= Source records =
━━━━

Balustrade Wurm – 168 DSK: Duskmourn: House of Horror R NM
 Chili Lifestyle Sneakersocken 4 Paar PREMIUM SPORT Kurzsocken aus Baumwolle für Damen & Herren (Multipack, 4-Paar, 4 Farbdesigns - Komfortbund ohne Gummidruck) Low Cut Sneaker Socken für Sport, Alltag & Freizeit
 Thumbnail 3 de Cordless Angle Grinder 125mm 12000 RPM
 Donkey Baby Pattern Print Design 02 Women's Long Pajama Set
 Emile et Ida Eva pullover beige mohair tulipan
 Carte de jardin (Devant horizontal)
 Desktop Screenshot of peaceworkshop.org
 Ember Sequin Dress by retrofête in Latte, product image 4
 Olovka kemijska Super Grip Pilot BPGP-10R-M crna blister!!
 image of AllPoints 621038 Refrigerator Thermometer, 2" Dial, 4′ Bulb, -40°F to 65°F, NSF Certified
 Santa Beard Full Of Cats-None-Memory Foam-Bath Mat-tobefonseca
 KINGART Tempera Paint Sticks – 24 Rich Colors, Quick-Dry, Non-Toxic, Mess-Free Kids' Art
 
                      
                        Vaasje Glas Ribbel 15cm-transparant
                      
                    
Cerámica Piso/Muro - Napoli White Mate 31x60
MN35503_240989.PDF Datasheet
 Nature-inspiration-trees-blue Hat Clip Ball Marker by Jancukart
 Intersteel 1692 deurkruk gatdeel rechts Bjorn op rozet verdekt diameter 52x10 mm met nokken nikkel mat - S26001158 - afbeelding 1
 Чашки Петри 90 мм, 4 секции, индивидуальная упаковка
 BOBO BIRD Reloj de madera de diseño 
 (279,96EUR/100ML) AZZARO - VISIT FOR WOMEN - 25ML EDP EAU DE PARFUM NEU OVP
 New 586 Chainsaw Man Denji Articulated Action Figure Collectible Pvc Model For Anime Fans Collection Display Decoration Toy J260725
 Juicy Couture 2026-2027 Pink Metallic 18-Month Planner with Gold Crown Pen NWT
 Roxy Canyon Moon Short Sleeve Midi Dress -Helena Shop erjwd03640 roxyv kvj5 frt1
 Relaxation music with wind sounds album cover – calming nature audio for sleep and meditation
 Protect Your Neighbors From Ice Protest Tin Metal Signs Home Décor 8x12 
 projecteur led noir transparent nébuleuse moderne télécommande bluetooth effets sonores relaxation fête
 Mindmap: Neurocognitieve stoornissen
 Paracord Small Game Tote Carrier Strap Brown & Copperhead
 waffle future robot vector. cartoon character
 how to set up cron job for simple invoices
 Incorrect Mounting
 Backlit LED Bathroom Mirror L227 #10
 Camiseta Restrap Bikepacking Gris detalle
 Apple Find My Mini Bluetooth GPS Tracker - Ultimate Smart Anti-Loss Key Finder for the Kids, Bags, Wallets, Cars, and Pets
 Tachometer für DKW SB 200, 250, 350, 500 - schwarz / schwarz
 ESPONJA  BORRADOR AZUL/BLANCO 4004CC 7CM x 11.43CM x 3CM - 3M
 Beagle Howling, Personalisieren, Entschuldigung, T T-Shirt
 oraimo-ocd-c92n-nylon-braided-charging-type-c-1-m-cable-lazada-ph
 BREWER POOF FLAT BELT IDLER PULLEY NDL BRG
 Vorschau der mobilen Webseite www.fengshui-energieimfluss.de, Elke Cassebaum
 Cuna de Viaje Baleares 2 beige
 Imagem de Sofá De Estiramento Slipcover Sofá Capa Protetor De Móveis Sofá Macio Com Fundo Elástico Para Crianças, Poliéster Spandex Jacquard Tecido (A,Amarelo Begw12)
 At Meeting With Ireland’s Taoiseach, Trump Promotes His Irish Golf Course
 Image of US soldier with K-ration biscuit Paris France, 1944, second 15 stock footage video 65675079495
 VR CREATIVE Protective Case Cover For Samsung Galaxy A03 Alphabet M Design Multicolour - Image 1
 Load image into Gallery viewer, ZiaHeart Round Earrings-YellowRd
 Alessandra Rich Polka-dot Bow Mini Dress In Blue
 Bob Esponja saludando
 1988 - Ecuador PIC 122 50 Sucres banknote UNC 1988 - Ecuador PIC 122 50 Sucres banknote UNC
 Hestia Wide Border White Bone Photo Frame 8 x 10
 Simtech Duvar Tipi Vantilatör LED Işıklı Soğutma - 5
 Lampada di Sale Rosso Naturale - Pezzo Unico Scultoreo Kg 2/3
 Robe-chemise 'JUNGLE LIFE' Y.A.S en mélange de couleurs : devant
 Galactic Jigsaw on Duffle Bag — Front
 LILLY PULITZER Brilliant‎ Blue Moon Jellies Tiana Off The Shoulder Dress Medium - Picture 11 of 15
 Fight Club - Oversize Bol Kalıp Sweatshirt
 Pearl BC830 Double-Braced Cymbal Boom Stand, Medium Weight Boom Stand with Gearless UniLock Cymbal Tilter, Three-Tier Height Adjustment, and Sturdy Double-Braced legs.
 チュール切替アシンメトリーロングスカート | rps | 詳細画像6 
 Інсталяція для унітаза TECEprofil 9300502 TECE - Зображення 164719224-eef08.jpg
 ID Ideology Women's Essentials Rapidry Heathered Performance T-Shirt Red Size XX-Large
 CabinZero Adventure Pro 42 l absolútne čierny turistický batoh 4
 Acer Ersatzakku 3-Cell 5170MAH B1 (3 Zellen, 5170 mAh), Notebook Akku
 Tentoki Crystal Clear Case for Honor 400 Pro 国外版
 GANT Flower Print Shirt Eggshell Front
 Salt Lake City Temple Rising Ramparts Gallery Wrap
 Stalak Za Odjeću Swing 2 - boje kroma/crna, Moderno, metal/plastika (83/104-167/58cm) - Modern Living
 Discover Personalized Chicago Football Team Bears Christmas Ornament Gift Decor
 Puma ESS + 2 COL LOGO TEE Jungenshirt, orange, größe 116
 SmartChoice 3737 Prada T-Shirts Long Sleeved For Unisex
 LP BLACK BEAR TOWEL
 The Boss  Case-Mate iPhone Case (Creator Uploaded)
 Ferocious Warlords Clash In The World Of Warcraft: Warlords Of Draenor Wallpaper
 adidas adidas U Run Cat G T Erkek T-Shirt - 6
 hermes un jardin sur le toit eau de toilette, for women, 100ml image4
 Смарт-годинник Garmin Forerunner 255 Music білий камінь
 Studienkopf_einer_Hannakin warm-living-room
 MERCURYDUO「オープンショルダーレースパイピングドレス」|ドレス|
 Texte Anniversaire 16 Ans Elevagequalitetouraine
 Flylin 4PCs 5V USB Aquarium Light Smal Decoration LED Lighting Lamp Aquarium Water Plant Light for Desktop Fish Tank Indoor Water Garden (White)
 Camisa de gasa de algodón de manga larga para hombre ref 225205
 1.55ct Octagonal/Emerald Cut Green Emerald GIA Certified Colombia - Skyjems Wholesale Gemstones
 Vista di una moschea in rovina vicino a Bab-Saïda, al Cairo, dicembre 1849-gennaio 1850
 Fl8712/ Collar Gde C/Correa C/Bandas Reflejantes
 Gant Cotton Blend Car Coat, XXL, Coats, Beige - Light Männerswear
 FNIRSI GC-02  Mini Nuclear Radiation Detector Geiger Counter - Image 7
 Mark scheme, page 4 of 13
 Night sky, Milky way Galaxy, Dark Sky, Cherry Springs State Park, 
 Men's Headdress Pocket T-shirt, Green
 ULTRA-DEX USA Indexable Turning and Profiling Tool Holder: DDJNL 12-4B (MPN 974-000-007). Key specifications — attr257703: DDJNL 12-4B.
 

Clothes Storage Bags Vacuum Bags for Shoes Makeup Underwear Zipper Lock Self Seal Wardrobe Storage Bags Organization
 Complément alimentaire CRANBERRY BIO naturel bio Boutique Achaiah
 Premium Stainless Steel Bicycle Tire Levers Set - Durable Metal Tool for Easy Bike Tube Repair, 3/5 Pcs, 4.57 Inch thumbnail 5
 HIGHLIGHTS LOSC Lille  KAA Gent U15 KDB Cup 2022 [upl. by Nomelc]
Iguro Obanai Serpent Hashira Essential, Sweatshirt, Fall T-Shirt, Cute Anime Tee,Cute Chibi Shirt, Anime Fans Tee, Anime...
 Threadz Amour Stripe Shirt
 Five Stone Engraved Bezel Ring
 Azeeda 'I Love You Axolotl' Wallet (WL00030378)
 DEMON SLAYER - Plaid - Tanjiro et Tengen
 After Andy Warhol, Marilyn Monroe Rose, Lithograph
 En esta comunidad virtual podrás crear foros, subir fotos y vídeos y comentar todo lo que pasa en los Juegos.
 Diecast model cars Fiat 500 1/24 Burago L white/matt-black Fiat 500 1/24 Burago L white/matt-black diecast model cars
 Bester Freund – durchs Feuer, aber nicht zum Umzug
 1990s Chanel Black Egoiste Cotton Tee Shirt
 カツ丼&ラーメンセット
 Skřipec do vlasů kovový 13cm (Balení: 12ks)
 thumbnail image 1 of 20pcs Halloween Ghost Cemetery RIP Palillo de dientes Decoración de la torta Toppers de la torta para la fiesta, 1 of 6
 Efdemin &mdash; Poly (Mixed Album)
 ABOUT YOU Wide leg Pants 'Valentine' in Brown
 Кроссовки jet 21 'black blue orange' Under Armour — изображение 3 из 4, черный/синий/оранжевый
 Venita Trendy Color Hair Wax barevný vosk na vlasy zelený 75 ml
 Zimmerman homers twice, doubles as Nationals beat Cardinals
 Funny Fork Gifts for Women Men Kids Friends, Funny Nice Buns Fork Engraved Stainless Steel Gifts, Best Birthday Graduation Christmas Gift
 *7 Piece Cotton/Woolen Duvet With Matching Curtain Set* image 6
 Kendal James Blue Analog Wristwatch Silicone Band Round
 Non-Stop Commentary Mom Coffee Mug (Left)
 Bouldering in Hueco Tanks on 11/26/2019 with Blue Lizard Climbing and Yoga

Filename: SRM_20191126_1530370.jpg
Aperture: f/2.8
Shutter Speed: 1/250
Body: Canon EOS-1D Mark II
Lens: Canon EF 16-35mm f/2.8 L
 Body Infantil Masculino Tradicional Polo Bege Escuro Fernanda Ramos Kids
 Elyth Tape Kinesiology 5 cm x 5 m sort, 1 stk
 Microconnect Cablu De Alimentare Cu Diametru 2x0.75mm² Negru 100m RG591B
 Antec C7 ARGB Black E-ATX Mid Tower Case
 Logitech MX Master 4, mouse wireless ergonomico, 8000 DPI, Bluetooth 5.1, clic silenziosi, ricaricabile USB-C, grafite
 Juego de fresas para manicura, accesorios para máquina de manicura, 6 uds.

━━━━

= Prompt =
Your answer must consist solely of the lines above between the line holding "Chili Lifestyle Sneakersocken" and the line holding "image of AllPoints", inclusive, copied exactly.

= Output below =
 Chili Lifestyle Sneakersocken 4 Paar PREMIUM SPORT Kurzsocken aus Baumwolle für Damen & Herren (Multipack, 4-Paar, 4 Farbdesigns - Komfortbund ohne Gummidruck) Low Cut Sneaker Socken für Sport, Alltag & Freizeit
 Thumbnail 3 de Cordless Angle Grinder 125mm 12000 RPM
 Donkey Baby Pattern Print Design 02 Women's Long Pajama Set
 Emile et Ida Eva pullover beige mohair tulipan
 Carte de jardin (Devant horizontal)
 Desktop Screenshot of peaceworkshop.org
 Ember Sequin Dress by retrofête in Latte, product image 4
 Olovka kemijska Super Grip Pilot BPGP-10R-M crna blister!!
 image of AllPoints 621038 Refrigerator Thermometer, 2" Dial, 4′ Bulb, -40°F to 65°F, NSF Certified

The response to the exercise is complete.